Les suppléments d'impôt sur le revenu et de prélèvements sociaux ayant été mis en recouvrement à hauteur d'un montant total, en droits et pénalités, de 308 530 €, le contribuable a déposé une réclamation préalable, laquelle réclamation préalable a été rejetée par l’administration fiscale. Le contribuable saisit alors le tribunal administratif de Rouen pour demander la décharge des impositions supplémentaires en soutenant qu’en se contentant de relever que les dépenses de travaux exposées dans l'immeuble dont la revente a généré la plus-value en cause étaient totalement amorties au bilan de la société dont il est l'associé, le tribunal administratif n'a pas pris soin d'exiger de l'administration qu'elle rapporte la preuve, qui lui incombe, de ce que, d'une part, cette société avait réellement déduit les amortissements de son résultat dans ses liasses fiscales, et d'autre part, lui-même avait effectivement pris en compte ces dépenses pour la détermination de son impôt sur le revenu au cours des années d'amortissement des immobilisations.

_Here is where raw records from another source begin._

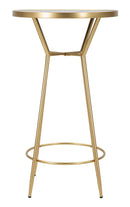 Tavolo Bar Circle Ø60x105 cm in Ferro MDF e Specchio Oro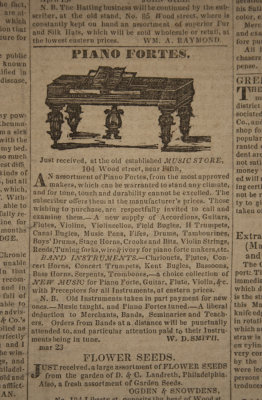 Pianoforte ad from 1836 Pittsburgh Mercury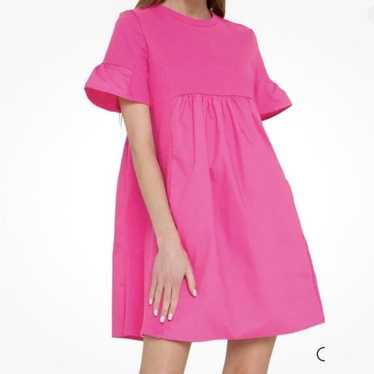 Womens English Factory Pink Cotton Poplin Dress s… - image 1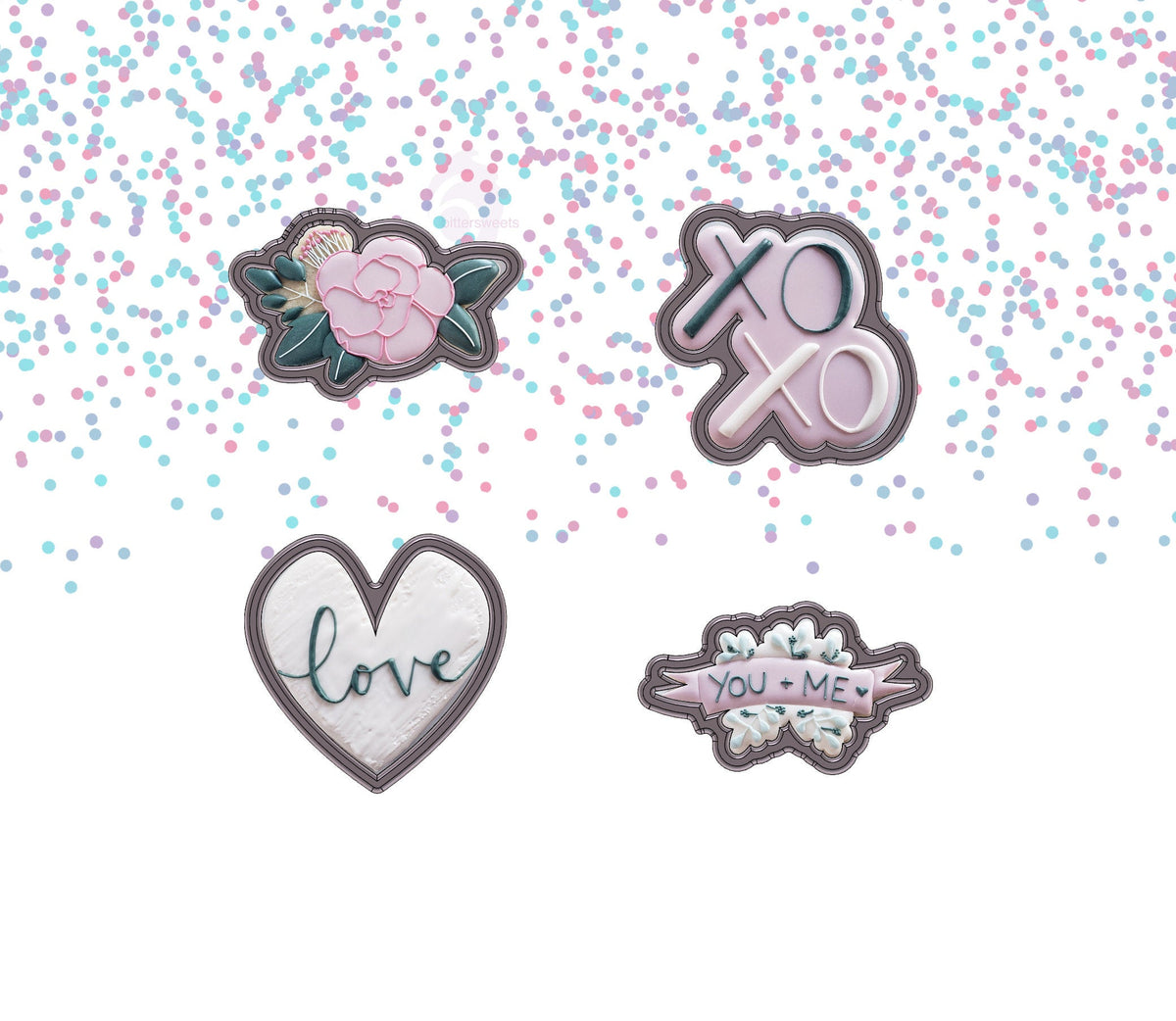 DIGITAL STL Download For Virginia Rose Valentine&#39;s Day Class Cookie Cutter Set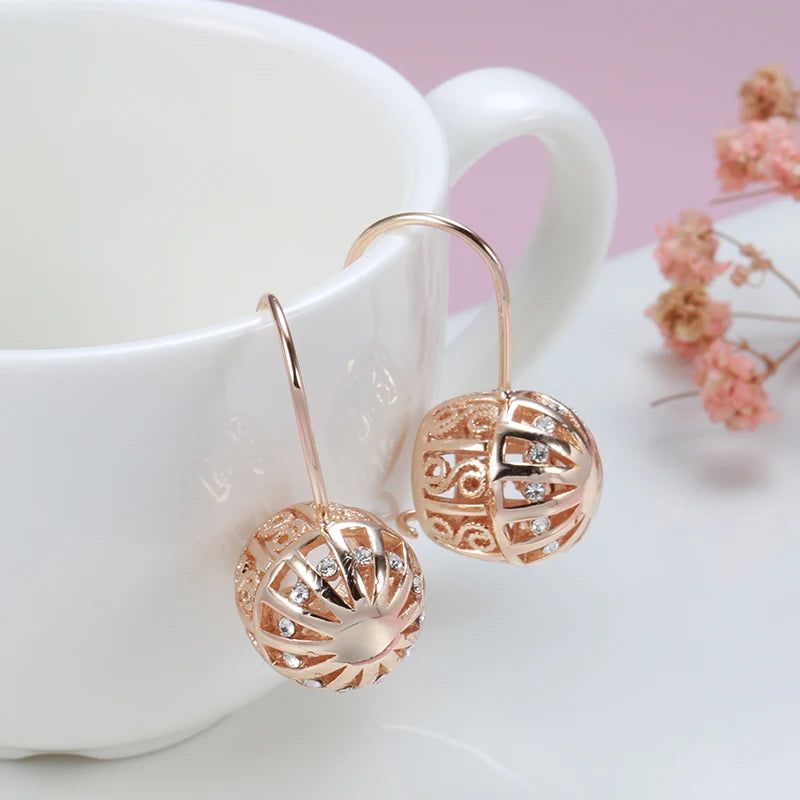 Elegant 585 Rose Gold Floral Drop Earrings with Hollow Ball Design - Statement Jewelry for Brides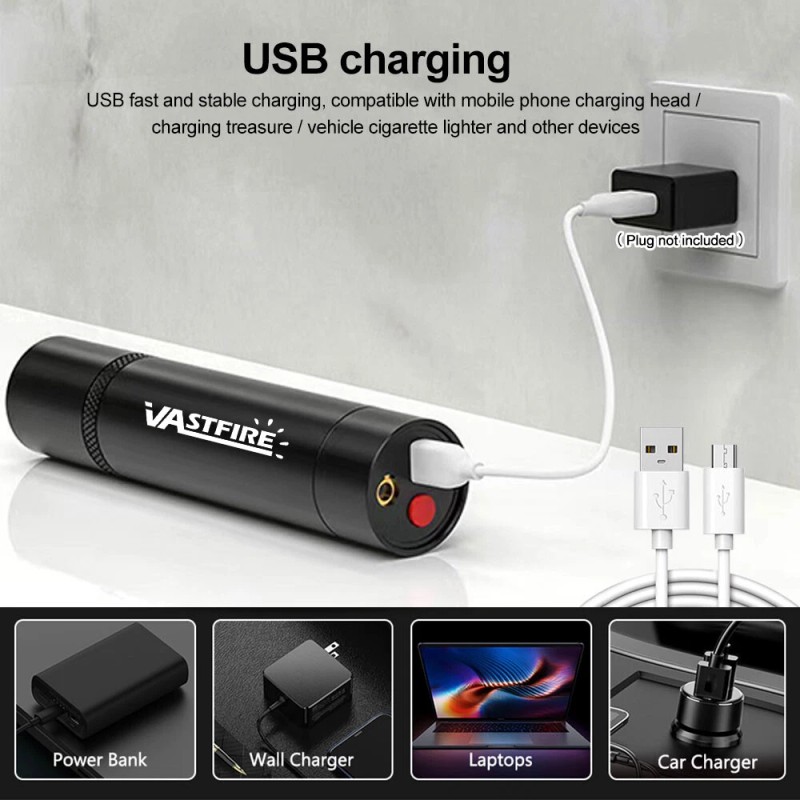 AMSUER 365nm LED UV Ultra Violet&Red Laser Flashlight Blacklight Inspection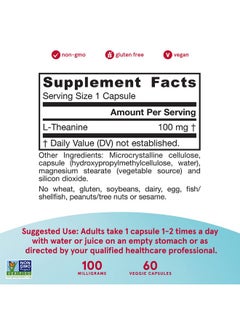jarrow formulas Theanine 100 Mg 60 Veggie Capsules Neurologically Active Amino Acid Found In Green Tea Supplement Promotes Relaxation  Focus Up To 60 Servings  - Image 4
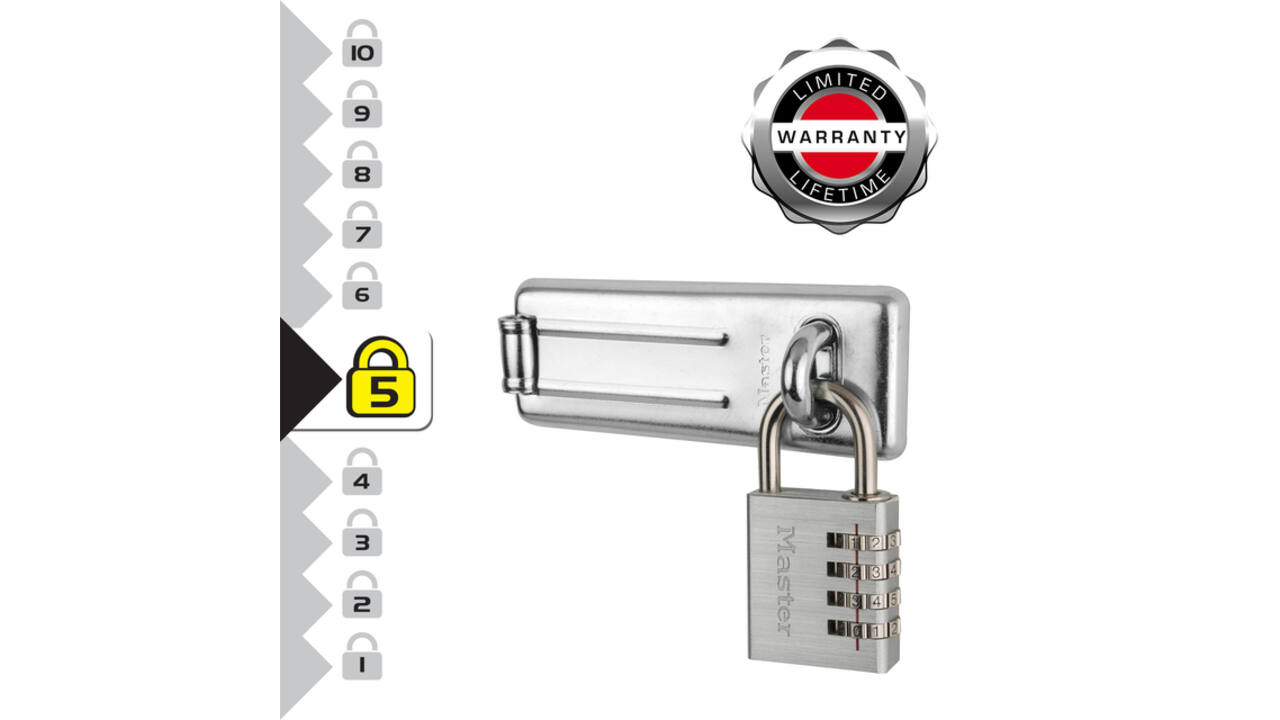 Hangslot MasterLock overval + aluminium 40mm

Pour l’administration fiscale, contrairement à ce que soutient le contribuable, les dépenses de travaux exposées sur l'immeuble cédé par la société ne pouvaient majorer le prix d'acquisition de l'immeuble pour la détermination de la plus-value imposable, dès lors que, selon la propre déclaration souscrite par cette société, ces dépenses avaient été totalement amorties, de sorte qu'elles ont déjà été prises en compte pour la détermination de l'impôt sur le revenu de l’associé, à raison de sa quote-part dans le capital de cette société.

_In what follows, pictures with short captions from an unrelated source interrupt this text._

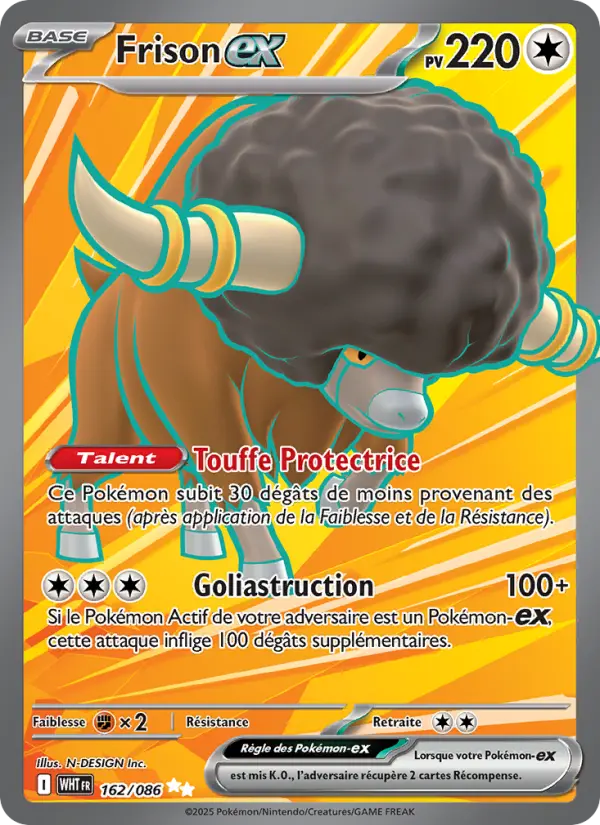 162/086 - Frison EX — Carte Pokémon Flamme Blanche 162/86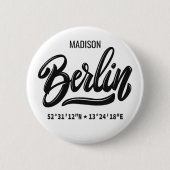 Benutzerdefinierter Name Berlin Deutschland Koordi Button (Vorderseite)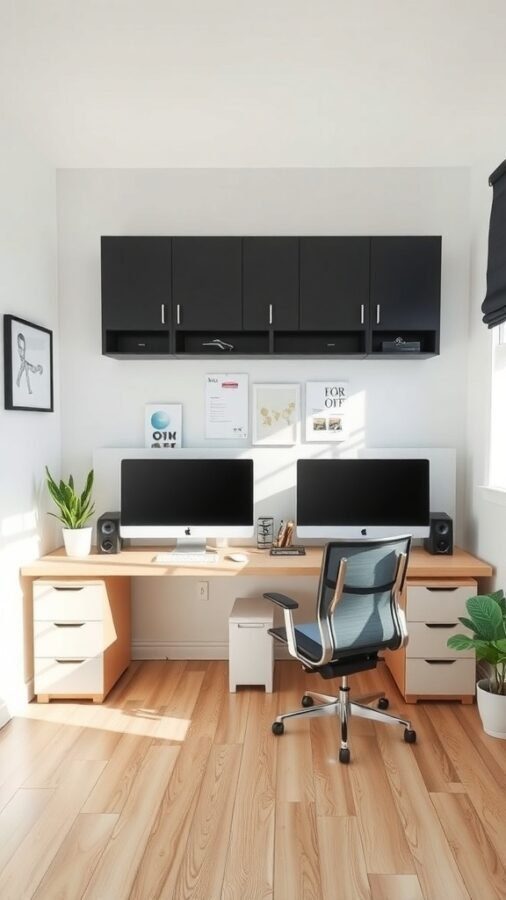 15 Creative Small Home Office Ideas for Maximum Productivity 11 A small office with two computer setups, light wood desk, black cabinets, and plants.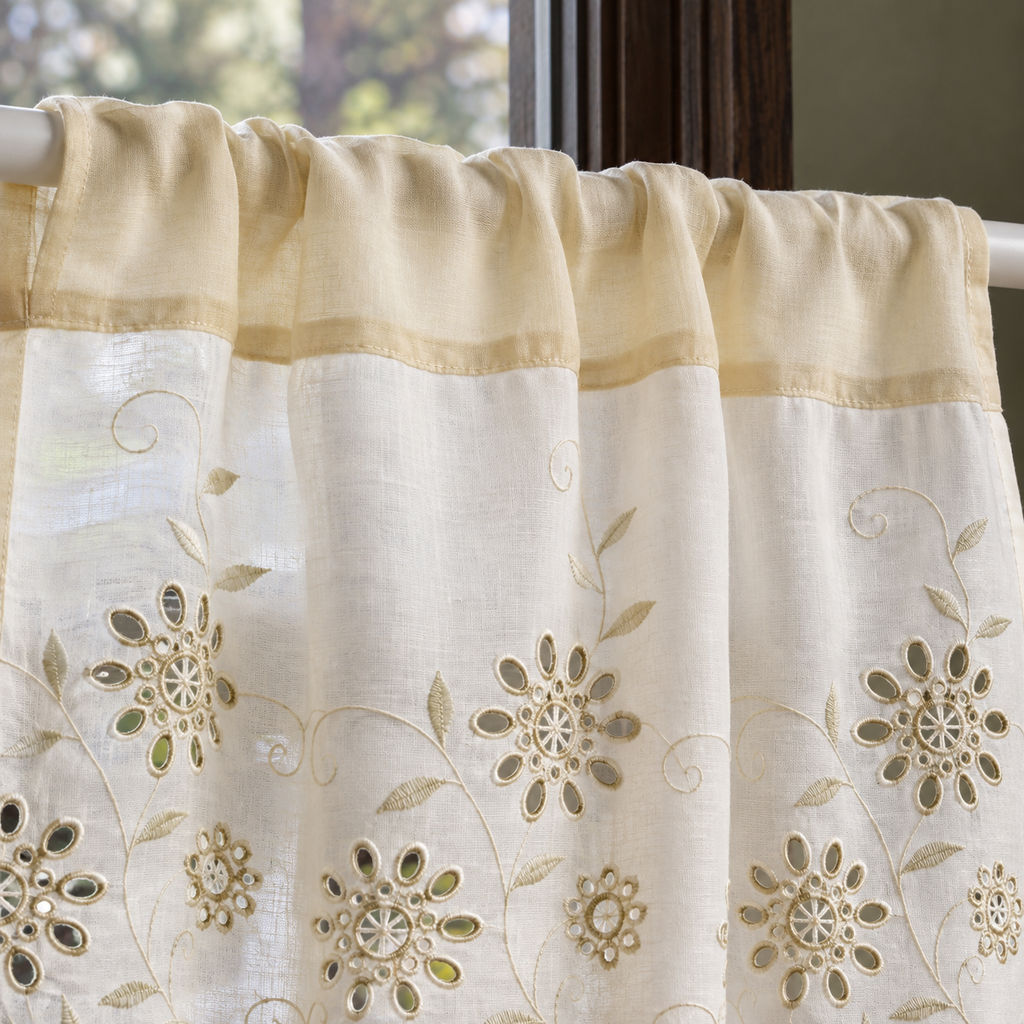 Ivory cutwork floral short curtain — pocket view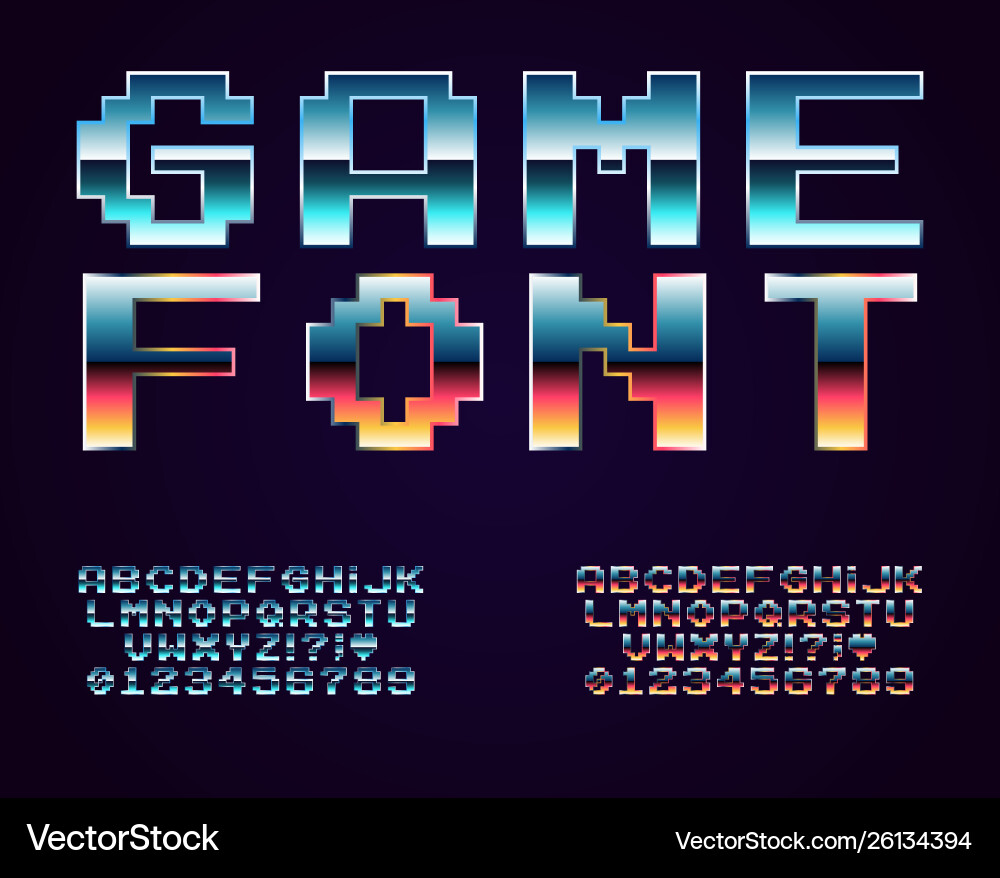 Retro Pixel Font Set Vector Image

Le tribunal ayant suivi le raisonnement de l’administration fiscale, il a rejeté la demande du contribuable qui a alors fait appel devant la Cour administrative d’appel de Douai.
Mais pour la Cour administrative d’appel, comme pour le tribunal administratif, cette majoration n'est possible qu’à la condition que ces dépenses n’aient pas déjà été prises en compte pour la détermination de l’impôt sur le revenu. Or, cette société ayant déjà totalement amorti les dépenses en question au titre de l’année considérée et déduit celles-ci du bénéfice imposable revenant à l'associé pour une quote-part à hauteur de ses droits dans le capital social, elles ne pouvaient plus venir en majoration du prix d'acquisition pour le calcul de la plus-value immobilière entre les mains de l'associé.

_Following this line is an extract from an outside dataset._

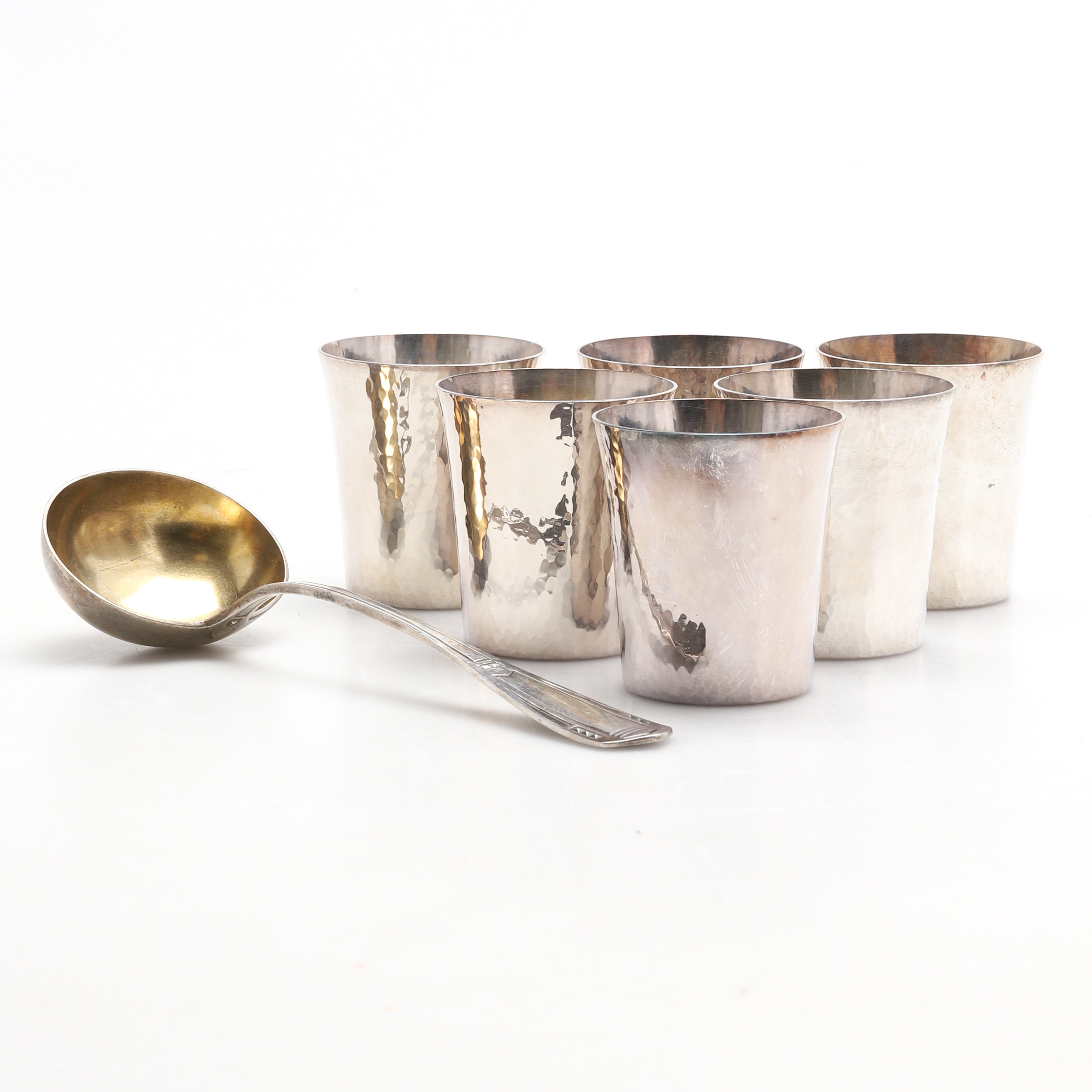 BÄGARE. silver, 6 st, Mema, 1978. Lidköping samt såssked utländsk stämpel. Vikt ca 447 gram.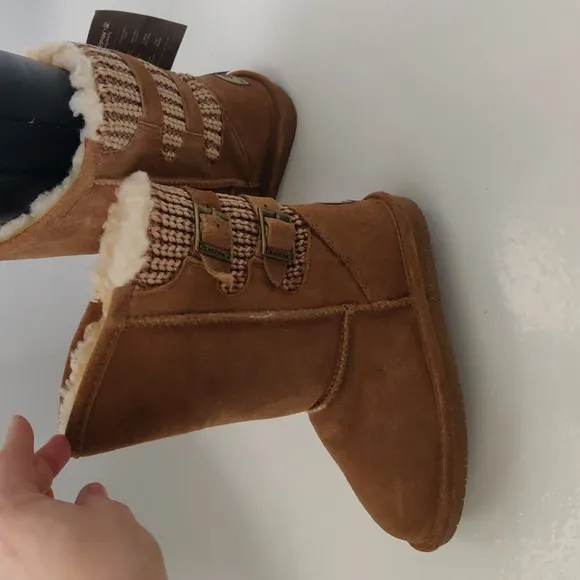 New! 1669 Winter Snow Ankle wool blend Fur Lined OutdoorWarm BUCKLE-sz 2 Boots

La Cour administrative d’appel de Douai retient que si en vertu des règles gouvernant l'attribution de la charge de la preuve devant le juge administratif, applicables sauf loi contraire, il incombe, en principe, à chaque partie d'établir les faits qu'elle invoque au soutien de ses prétentions, les éléments de preuve qu'une partie est seule en mesure de détenir ne sauraient être réclamés qu'à celle-ci.
Cette solution nous semble tout à fait logique, car il ne peut y avoir de double prise en compte des dépenses de travaux. L’arrêt rendu par la Cour administrative d’appel est susceptible de faire l’objet d’un pourvoi en cassation devant le Conseil d’Etat, mais il est fort possible que la solution retenue par les premiers juges soit maintenue.
CAA de DOUAI, 4ème chambre, 08/02/2024, 22DA02648, Inédit au recueil Lebon.